4.  とても良い 吉田真祐さん 書き込み日: 2001年09月27日

ユングにおける元型

 この本の中で話されている元型、特にグレート・マザーはおもしろい。著者である河合隼雄氏はユング派の心理学者だ。心理学について少し勉強をした事のあるものなら周知のようにまずフロイトが根底にあり、そしてユングやアドラーなどの心理学者が彼を慕ったのち、離れていくという図式が存在する。では、なぜユング及びにアドラーはフロイトから離れていったのだろうか。
 フロイトにおいて精神の構造をあらわすものはエゴ、スーパーエゴ、エス(イド)の3つの要素であり、エスを本能そのもととするなら、それに働きかけるブレーキをスーパーエゴ、そしこれらを外側から取り巻くものがエゴである。
 この3要素におけるエネルギーをリビドーと呼び、性的欲望とした。つまりフロイトの考えによると人間というものは性のエネルギーによって動いているとしたのである。
 これに対してユングやアドラーは自論を展開している。
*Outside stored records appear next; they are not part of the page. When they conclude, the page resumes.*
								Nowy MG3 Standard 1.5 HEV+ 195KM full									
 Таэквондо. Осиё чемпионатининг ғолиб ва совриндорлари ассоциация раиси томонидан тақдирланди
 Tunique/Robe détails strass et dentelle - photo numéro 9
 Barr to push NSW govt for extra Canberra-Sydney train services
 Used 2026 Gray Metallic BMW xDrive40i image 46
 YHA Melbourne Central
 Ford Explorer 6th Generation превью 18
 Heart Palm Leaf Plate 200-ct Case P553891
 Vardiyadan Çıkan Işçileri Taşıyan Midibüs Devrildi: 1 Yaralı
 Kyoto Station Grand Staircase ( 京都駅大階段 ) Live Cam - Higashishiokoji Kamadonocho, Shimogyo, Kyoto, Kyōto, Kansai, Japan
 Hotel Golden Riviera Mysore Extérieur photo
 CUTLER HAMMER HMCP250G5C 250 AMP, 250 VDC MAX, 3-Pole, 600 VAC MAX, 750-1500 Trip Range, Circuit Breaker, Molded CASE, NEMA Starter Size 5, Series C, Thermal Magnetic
ユングは無意識内に存在するなにか先天的なものが人を動かすとし、そしてアドラーは権力への意志が人を動かしているとしたのである。
 ユング心理学においては無意識というものを個人的無意識、集団的無意識の二つに分ける。この集団的無意識とは、人類全てに存在する無意識の形象的なあらわれである。すなわちこれが元型である。
 元型にはいくつかの種類があり、その一つがグレート・マザーである。そこにはおよそのものを包み込む意味があり、相対立する二つの側面を同時に持っている。まず、一つは生命と成長を司って、懐胎し、出産するなどの「生命の与え手」の面である。そして、もう一つは、独立と自由を切望するもの達にしがみつき、彼らを束縛し、捕獲し、飲み込むという「死の与え手」としての面である。
 「トルーデさん」や「ヘンゼルとグレーテル」の魔女はこのグレート・マザーという元型の実体化したものではなかろうか。一瞬やさしそうに見えるものの、それに反動する殺意も兼ね備えている。
 しかし、これはあくまでユング派における考え方だ。元型という考え方自体がフロイトやアドラーに存在しないとすれば、いかにして上記の物語を理解できようか。心理学に興味のある人間は是非一度この本を読むべきである。自分の培ってきたものでいかに対処していけるか。さらなる考察と共に自己確認も可能だろう。



5.  とても良い nnfさん 書き込み日: 2003年11月13日

無意識と意識の架け橋

 本書の始まり、第1章・第1節のタイトルは「昔話には魂がこめられている」。なんでそんなことがいえるのか、と冒頭から疑問を感じたけれども、著者はユング派の立場から、人間の心の普遍性<普遍的無意識・元型>につながるものが、多くの人に受け入れられ、時代を超えて存在し続けるのだ、というふうに説明する。

 ここで読み解かれるのは、『ヘンデルとグレーテル』や『いばら姫』、『黄金の鳥』などグリム童話数篇。グレートマザーや、アニマ、トリックスターといった元型の概念を用いた読み解きのほか、物語に出てくる数字の意味なども説明されている。

 読み終わる頃には、例えば村上春樹の作品なんかも、バラバラになるまで解釈してみたくなってくるのだけれど、それを見越してか、著者は昔話の読み解きを始める前に、フォン・フランツの言葉を引用している。「いかなる昔話の解釈もその昔話以上に出ることはできないのである」。